Now, what is the time complexity? Clearly, O(\log N) time is needed for each query/update, so all events run in O(Q \log N) time. Initializing the segment tree requires O(N) time, and computing the sorted order of the events requires O(Q \log Q) time. By including the fact that the reachability tree is constructed in O(N \log N) time, the overall complexity becomes O((N+Q)\log N + Q\log Q).

We can actually remove the O(Q \log Q) bit by noticing that the visits are given in increasing order of d_j already. This means that the only out-of-order events are the decrease events, and even they are already given in increasing order (since d_j+X is increasing). Thus, all we need to do is to merge two sorted list of events together. The merge routine of merge sort does this job in O(Q) time. With this, the overall running time becomes just O((N+Q) \log N).

Time Complexity:

O((N+Q) \log N)

AUTHOR’S AND TESTER’S SOLUTIONS:

setter
tester
editorialist

grebnesieh · March 15, 2016, 3:57pm

First of all, really nice question. It took a lot of time for me to get this one, but then again I learned a lot.

Went for the 15 points first. Sort the queries by the maximum edge weight allowed. Sort the edges by their respective edge weights. Put all the nodes in individual sets. Yep, union-find time. Iterate over all the (sorted) edges/queries and combine the sets of the nodes on either ends of your current edge. For a query (d, u, k) once you have processed all edges with weight <=k, the answer is simply the number of elements in the set of u.

Here is the solution that gets you the sweet 15 points.

For a long time I thought I had to go back to the drawing board and figure out something else to proceed. But then came a bright idea. What if I renumber my nodes in a way such that whenever a union operation takes place, the nodes in the new set are always as follows: 1, 2, …, k (for k nodes)

For example, if I have two sets

set1 - (1, 2, 3)

set2 - (1, 2, 3, 4)

My new set will be (1, 2, 3, 1 + len(set1), 2 + len(set1), 3 + len(set1), 4 + len(set1))

union(set1, set2) = (1, 2, 3, 4, 5, 6, 7)

The idea is even though the sets are combined now, I can access set1 via a query on range (1, 3) and set2 with a query on (4, 7).

I initially “numbered” all nodes as 1. For every union I kept track of what the size of the other set was, I also kept track of the max and min element in that set. And at the end I added it all up and changed the node numbering accordingly. Now all of my queries involve nodes in a given range. And I have the max and min, therefore the start and end of that range.
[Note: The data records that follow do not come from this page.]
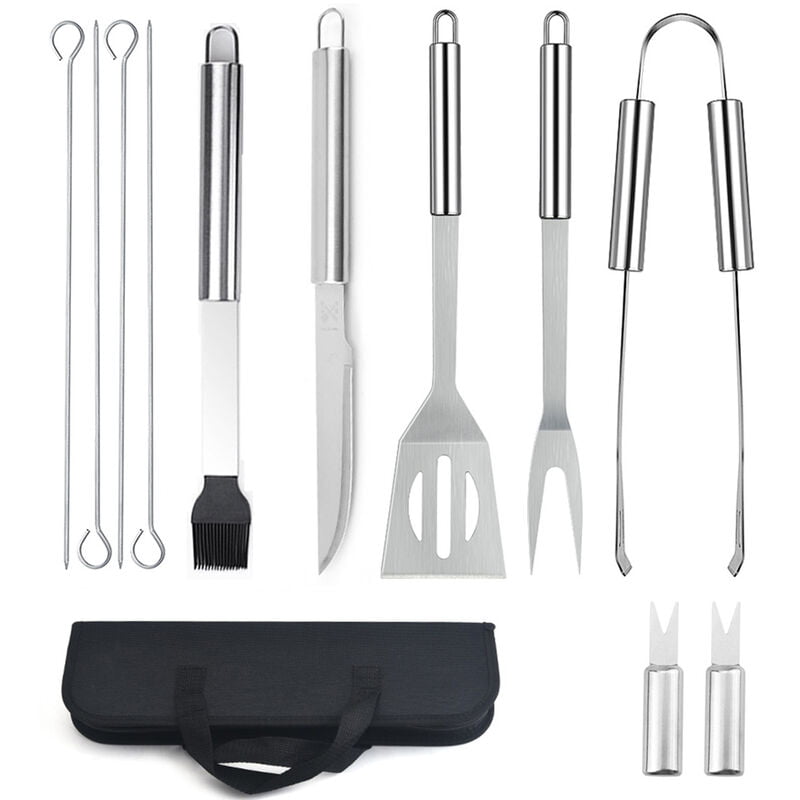 12pcs barbacoa Accesorios Parrilla Parrilla Conjunto de acero inoxidable Barbacoa conjunto de herramientas con parrilla bolsa portatil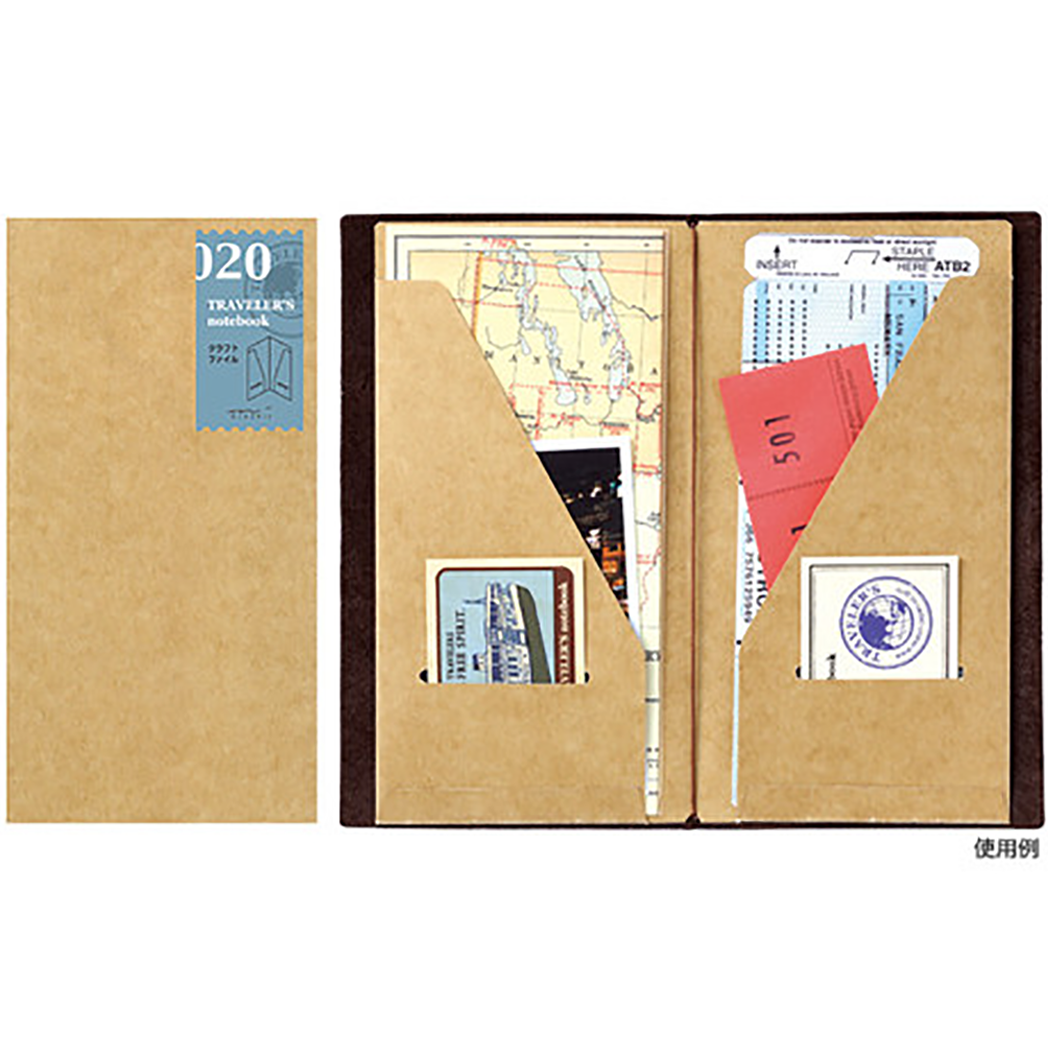 Traveler's Notebook 020 Refill - Regular Size - Kraft File-Pen Boutique Ltd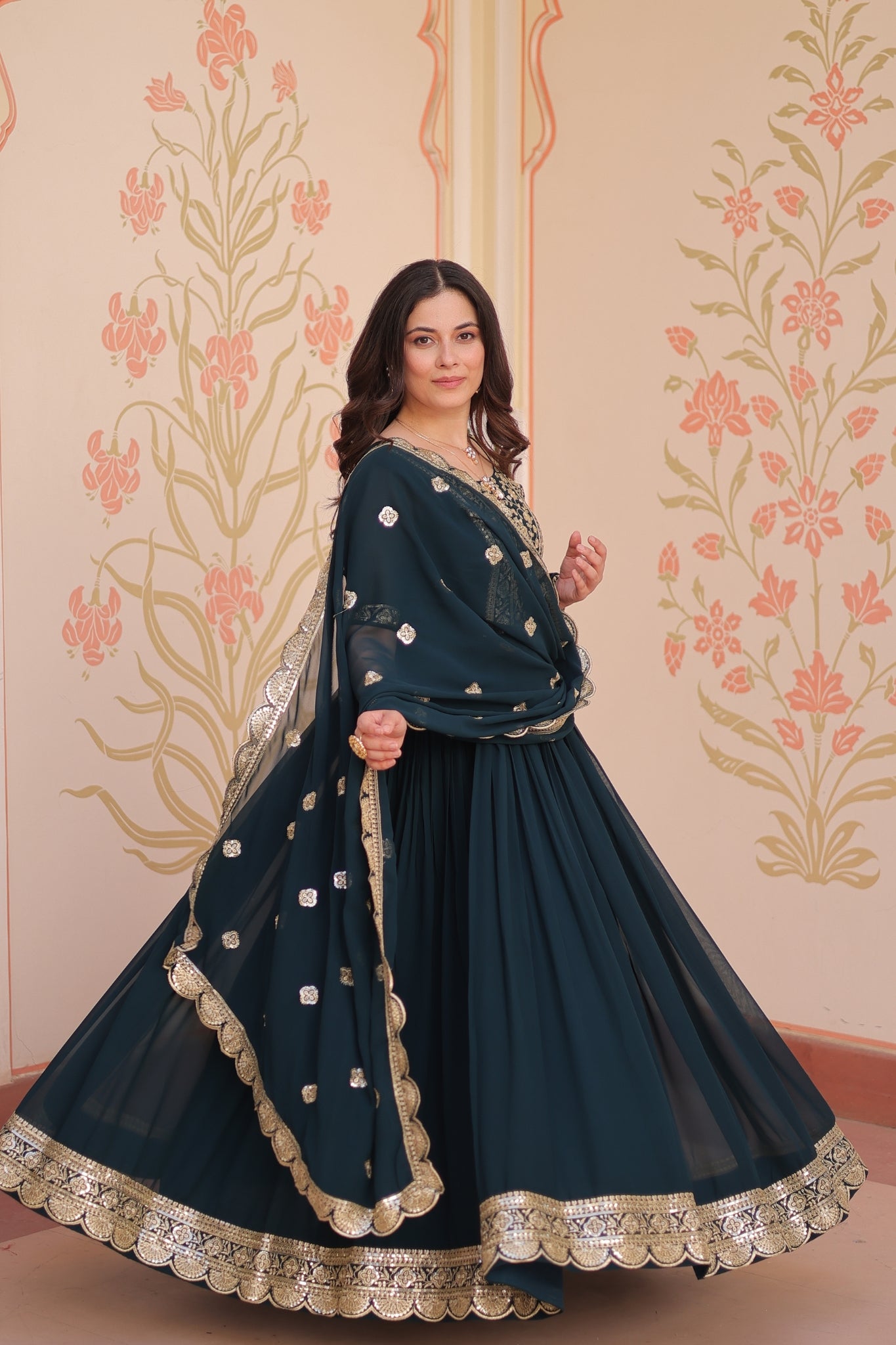 Embroidery Zari Sequins Work Designer Gown With Dupatta Set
Another iteration of the union-find pass converts our (d, u, k) queries to (d, i, j).

Now we have a few range queries to handle.

1 i, j - return number of elements in range (i, j) with value >= X.

2 i, j - set number of elements in range (i, j) equal to 0

3 Y - increment all then numbers by Y

Couldn’t figure out the segtree approach, went with sqrt-decomp instead (not exactly sqrt, bucket size was smaller since I had sort operations on the edges of the query)

Simple enough there as well, try to keep all the buckets sorted, so you can binary search on them if needed. But mostly there is just one constant value in each bucket which you can make a check against.

Final code with 100 points.

I did not expect it to pass since for each query I might have to sort twice. And in fact, it did not pass for sqrt sized bucket. I changed the bucket size to 100 and got the AC. I wonder if its possible to create cases that stop this approach. (sqrt-decomp part)

Definitely one of the most fun problems I have done.

gangubai · September 5, 2016, 1:15pm

This question is to the tester. I read your code but I cannot figure out that if you have added all the edges that are there whose length is less than maximum edge length that can be traversed then why you have also added the edges that are not less than the maximum length edges that are there in the query??